_Exercise data_
=-=-=

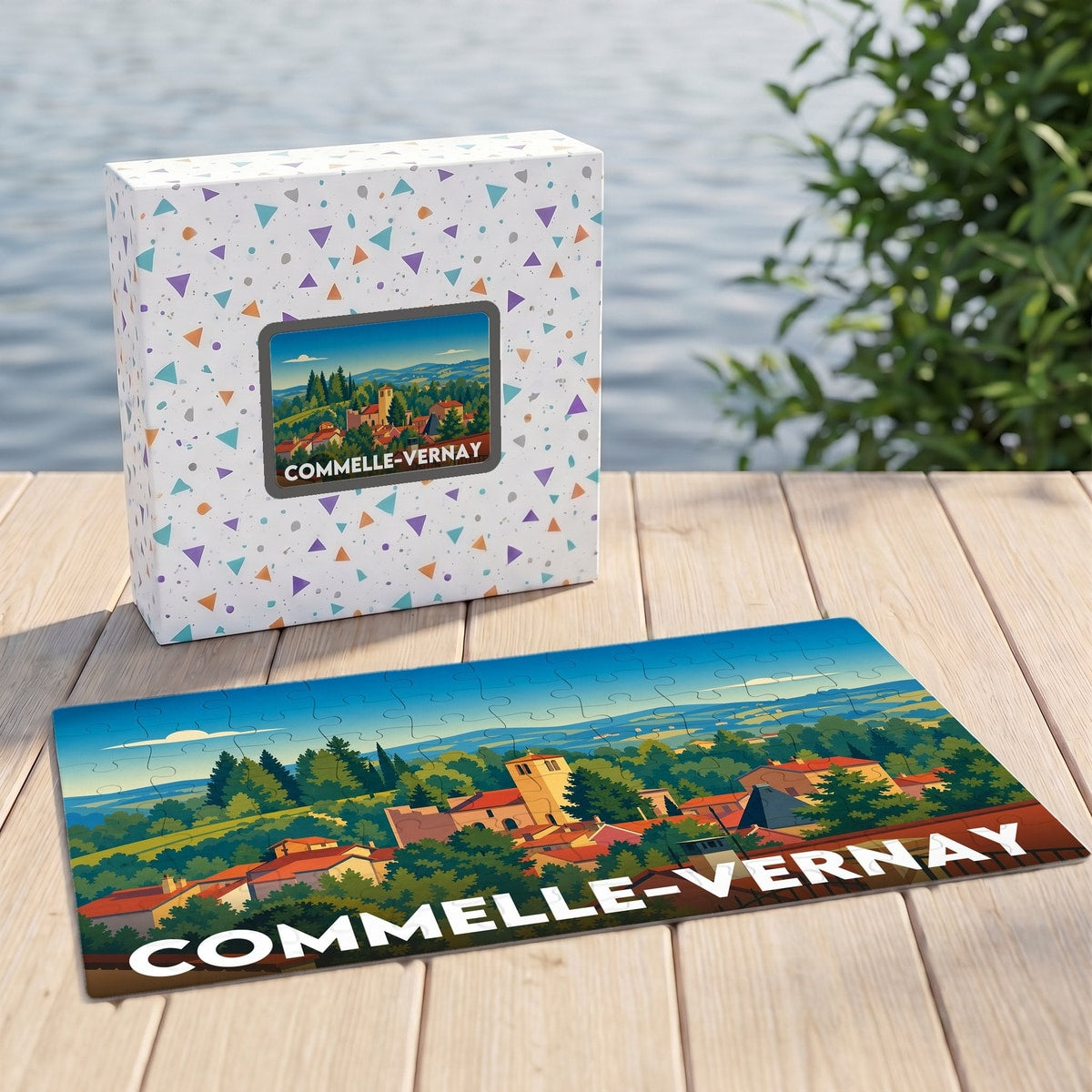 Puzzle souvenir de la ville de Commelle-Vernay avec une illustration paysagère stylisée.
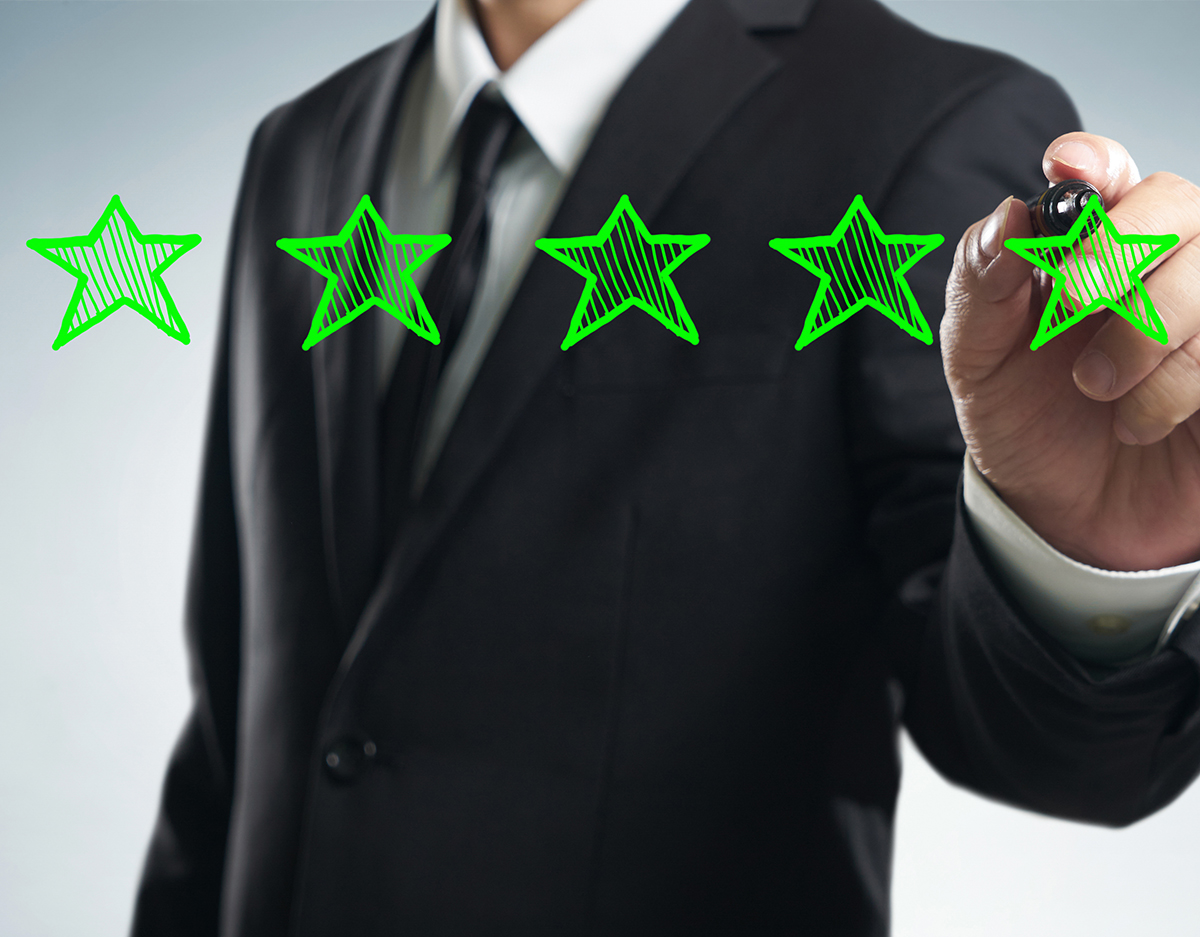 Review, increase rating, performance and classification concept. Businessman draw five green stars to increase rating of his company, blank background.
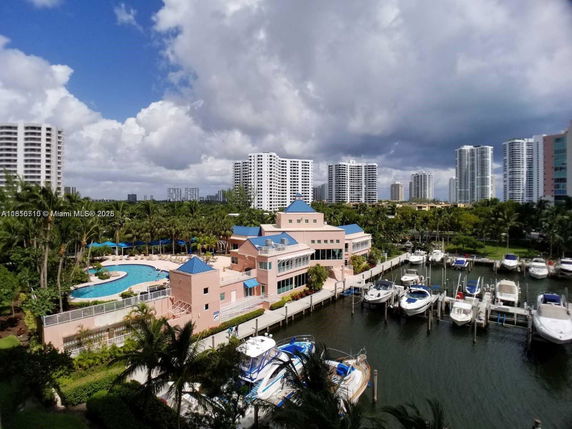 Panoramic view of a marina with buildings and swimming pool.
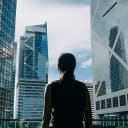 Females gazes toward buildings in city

=-=-=

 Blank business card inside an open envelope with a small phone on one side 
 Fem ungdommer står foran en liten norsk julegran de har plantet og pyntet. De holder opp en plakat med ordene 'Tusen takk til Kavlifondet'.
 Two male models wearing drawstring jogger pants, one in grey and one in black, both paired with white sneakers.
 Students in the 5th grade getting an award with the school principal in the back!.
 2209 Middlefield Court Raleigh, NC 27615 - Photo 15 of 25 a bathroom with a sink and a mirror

=-=-=

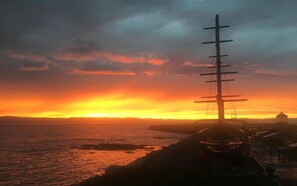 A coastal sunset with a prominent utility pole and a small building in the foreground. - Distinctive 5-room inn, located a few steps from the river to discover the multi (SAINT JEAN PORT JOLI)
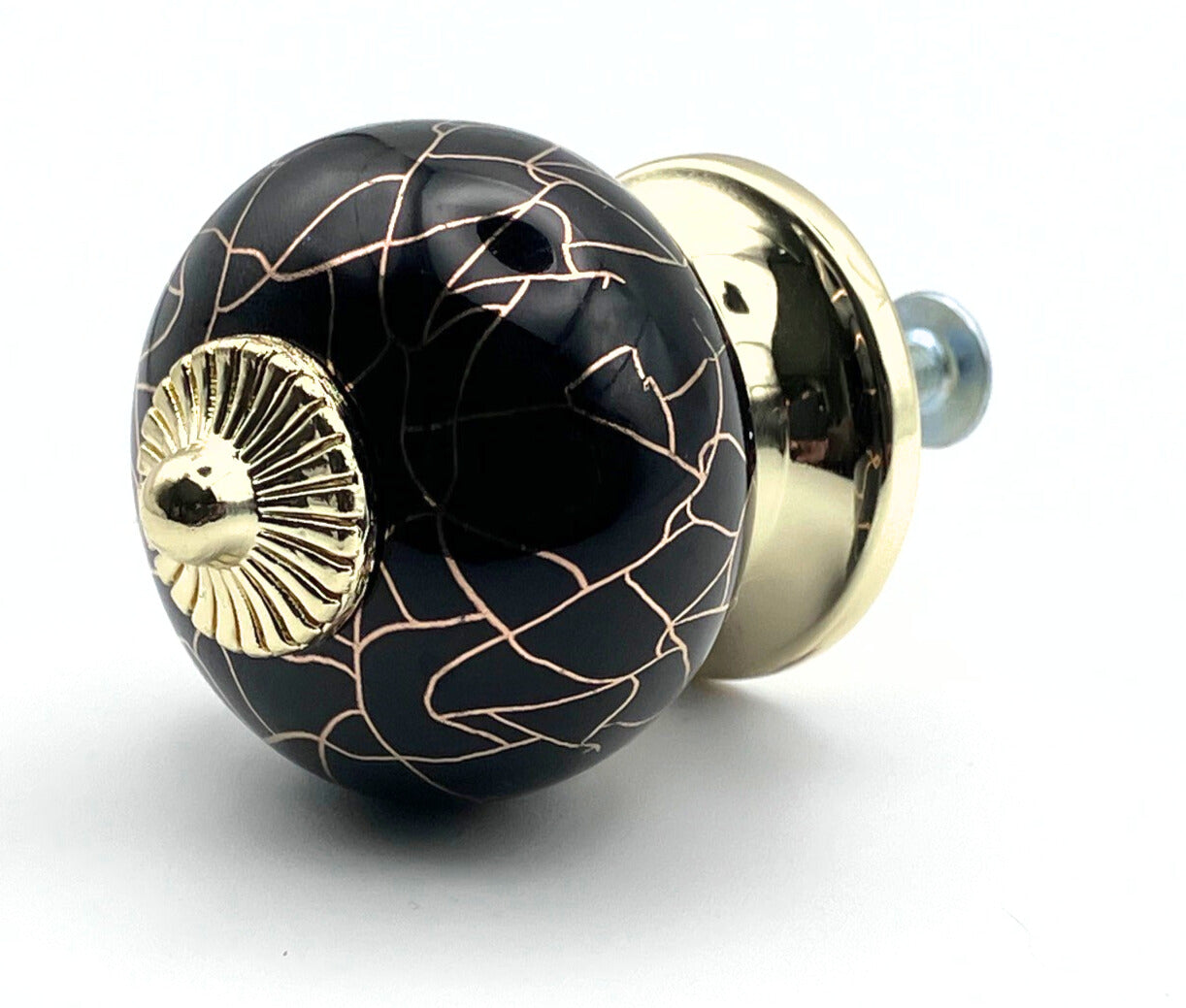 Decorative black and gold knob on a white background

=-=-=

_How to complete this task_
Extract, without any images, the part of the material above that opens with the line containing "Panoramic view of" and closes with the line containing "Females gazes toward buildings in city", both lines included.

_Problem solution_
 Panoramic view of a marina with buildings and swimming pool.
 Females gazes toward buildings in city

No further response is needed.